A point that has been made on DAM News many times before is that automated methods should be able to leverage existing cataloguing data to enhance their results. The context these technologies are being used in is also highly significant. Apart from the fact they mostly work effectively for generalist repositories, the other consideration is the tasks that the library itself exists to fulfil. If a library of assets is only intended to hold personal photos and the volumes are relatively small (e.g. less than 1,000) then any working search facility is acceptable as the users can manually filter the results by eye and usually ignore anything that appears random. On the other hand, if the library is a repository of key production assets that are in constant use or are to be employed for some important project, these are not only a distraction, but they damage both the value of the assets and may negatively affect the productivity of those that have to find them. Further, another area not yet discussed (but strongly hinted at in the Google article referred to) is the risk of litigation from subjects who have been incorrectly catalogued. As discussed, blaming the software is no defence, so this would come down to negligence on the part of the library operator and their suppliers (i.e. the vendor and any third party tools they used). As well as publicly accessible repositories, this could become an HR issue for internal ones held by corporations also.
There is a conflict of interest for anyone intending to use automated methods that has to be resolved to attain a benefit from it: the metadata cataloguing task could be carried out faster (and therefore at a lower cost) but the trade-off is some lower quality data, with all the other negative consequences that suggests. If that same metadata is embedded into the asset, they could also leave the library with these mistakes contained within them to destinations unknown.
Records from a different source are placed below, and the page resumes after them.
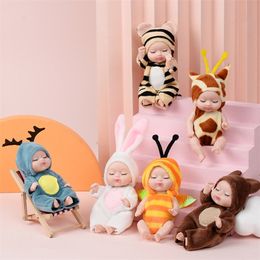 Dolls Cute Animal Baby 3.5inch Deer/ Bee/ Bear Sleep Simulated Reborn for Children's Toy with Clothes a220826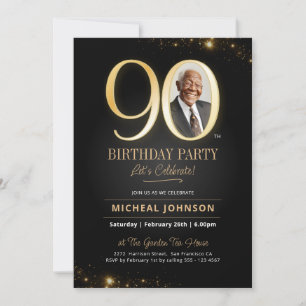 Elegant Modern Black and Gold 90th Birthday Invitation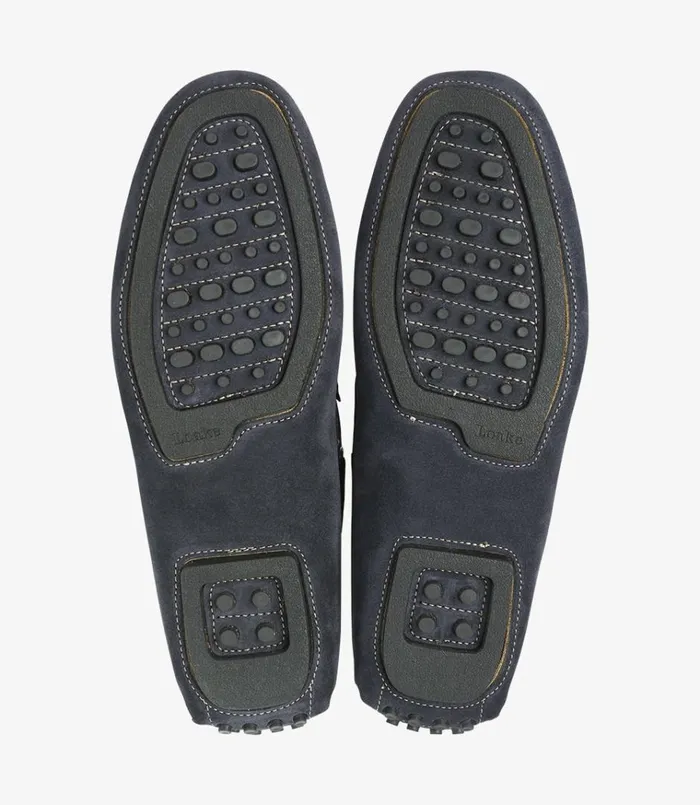 Men Donington Navy Suede Loake Loafers Men Donington Navy Suede Loake Loafers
One approach might be to segment catalogues and enable more automation on the less important material, but some care is needed and an overhead will probably still be incurred manually correcting some of the worst cases.
Overall, I think these technologies are interesting and might eventually offer some benefits for real-world commercial Digital Asset Management use, but not just yet and still with the following caveats:
- They cannot be left unattended and need to be checked by human beings: even random sampling is still risky.
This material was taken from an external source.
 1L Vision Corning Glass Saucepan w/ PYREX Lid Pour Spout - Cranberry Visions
- The algorithm needs to be able to access existing classification rules and metadata schema to refine its results.
- For libraries with highly specific or technical subjects, they may offer a limited benefit.
- The more specialised the focus of the automated techniques are (e.g. facial recognition etc) the better the result and it therefore might be more suitable to apply accordingly rather than wholesale.
- While the productivity opportunity exists, there are legal and HR-related risks which are not straightforward to mitigate.
- They are currently more effective in a supporting role to help identify issues with human cataloguing rather than to replace a real person.